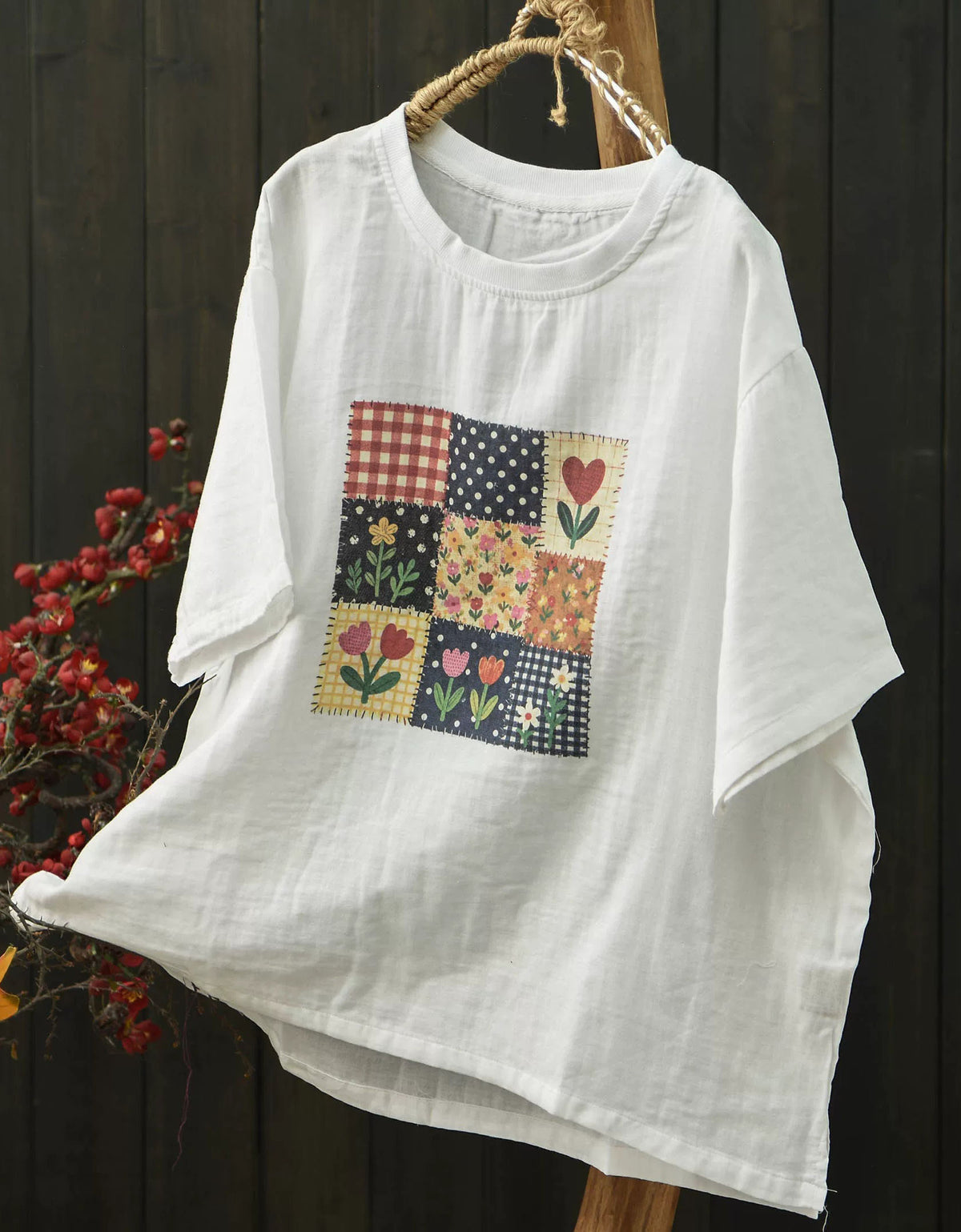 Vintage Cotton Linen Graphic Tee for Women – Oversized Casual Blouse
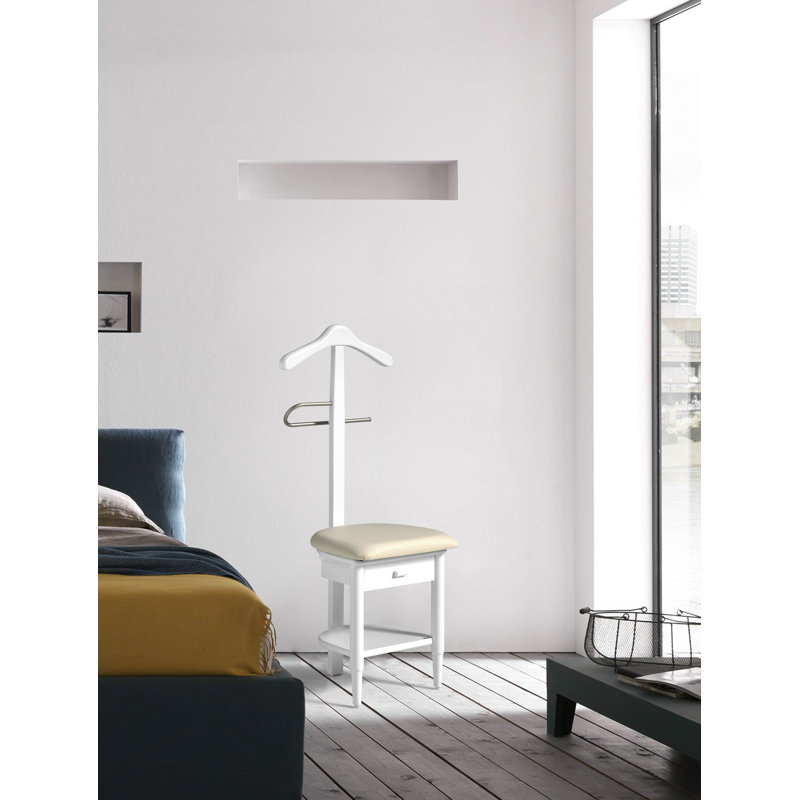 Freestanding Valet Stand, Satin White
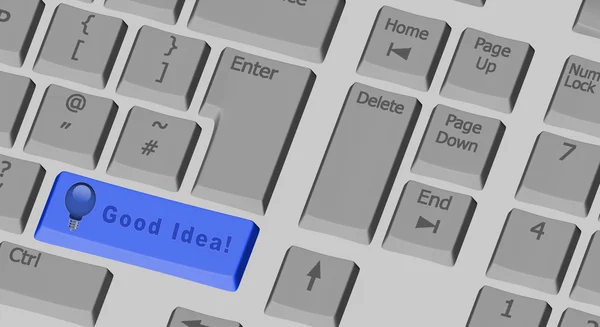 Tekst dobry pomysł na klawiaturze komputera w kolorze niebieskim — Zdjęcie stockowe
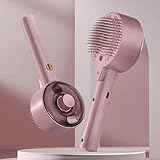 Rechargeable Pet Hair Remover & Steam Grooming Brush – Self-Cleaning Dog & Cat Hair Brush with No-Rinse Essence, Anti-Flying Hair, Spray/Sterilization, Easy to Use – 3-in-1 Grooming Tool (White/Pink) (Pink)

==============================

- Task details: The data above needs to be retyped exactly, with the images left out.

- Exercise solution:
 Vintage Cotton Linen Graphic Tee for Women – Oversized Casual Blouse
 Freestanding Valet Stand, Satin White
 Tekst dobry pomysł na klawiaturze komputera w kolorze niebieskim — Zdjęcie stockowe
 Rechargeable Pet Hair Remover & Steam Grooming Brush – Self-Cleaning Dog & Cat Hair Brush with No-Rinse Essence, Anti-Flying Hair, Spray/Sterilization, Easy to Use – 3-in-1 Grooming Tool (White/Pink) (Pink)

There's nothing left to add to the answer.